Seffi shook her head and propped her elbows on the counter.


“So, as I’ve gotten older, I’m really proud of how hard I’ve worked to be kind to myself in other ways. I mean, that’s why I started cooking. I was paying attention to what my body needed. I still feel unnatural sometimes, like I’m doing something wrong. But it just makes sense to be a girl when you look like this.”


Seffi couched her words in a laugh. Her hands were shaking, her palms hovering an inch away from either masseter. “That was stupid, sorry. But maybe it’s the same for you, is what I’m saying; It just makes sense to work in restaurants.”


Seffi’s face went fuzzy in Kal’s vision. “I don’t hate being a chef,” he muttered.


Seffi picked at a paper coaster. “I never said that. But it’s scary to think you have to do it forever.”


The lights went up at the bar. Neither of them reacted. The bartender put the bill down in front of Kal. Seffi ran to the bathroom while he paid the tab.

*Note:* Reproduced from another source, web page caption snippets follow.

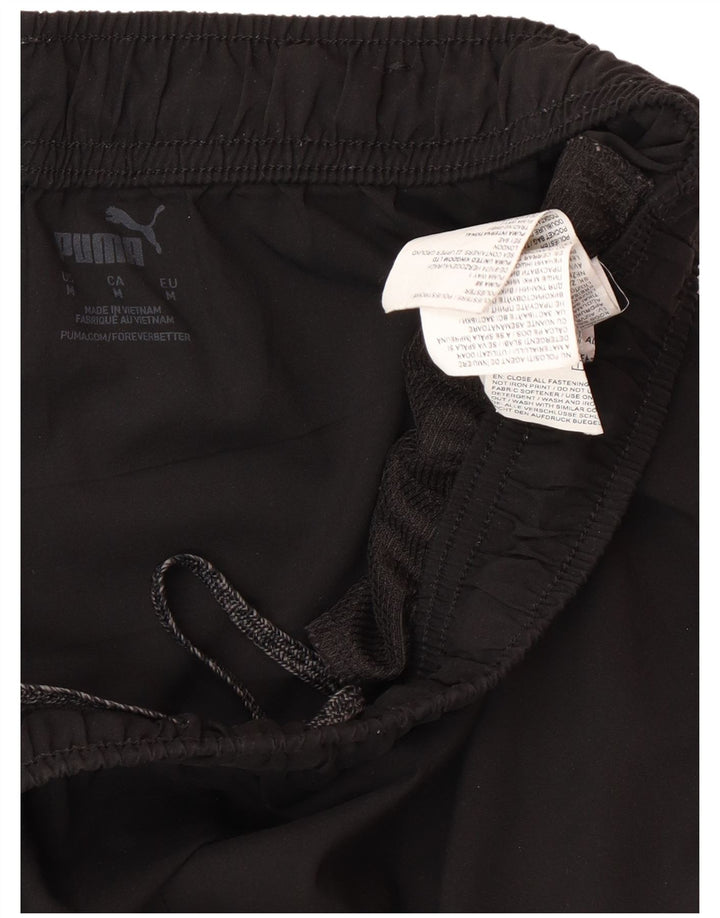 Pantalones de chándal PUMA para hombre Poliéster negro mediano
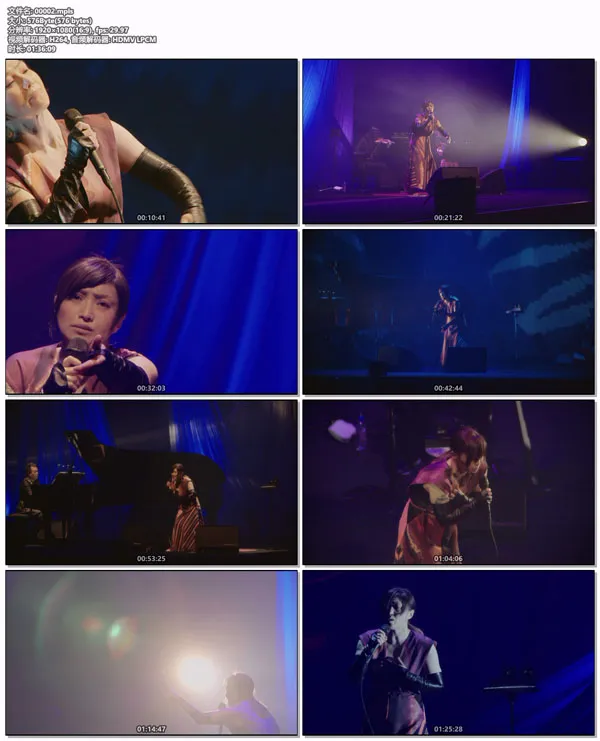 [BD日本演唱会][鬼束ちひろ Chihiro Onitsuka – LIVING WITH A GHOST 2021][BDMV][22.9GB][百度网盘]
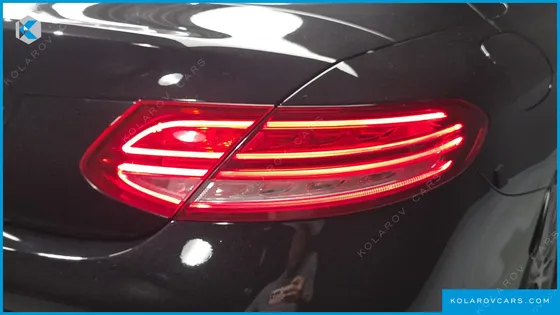 MERCEDES C-CLASS C200 CABRIOLET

“You need me to call you a ride?” 


“I’ll be okay.” Seffi grabbed her stuff to head out. “Oh, you’ve got something, like near your nose—”


Kal went to wipe it off. She swatted his hand away. “Here, let me get it.”


He turned to look at Seffi. She jolted forward and jabbed the corner of his eye with her tongue. He winced. Seffi sat back, rolling a tiny speck of something between her teeth before swallowing. Kal couldn’t tell if it was blood, or spit, or a tear running down his cheek.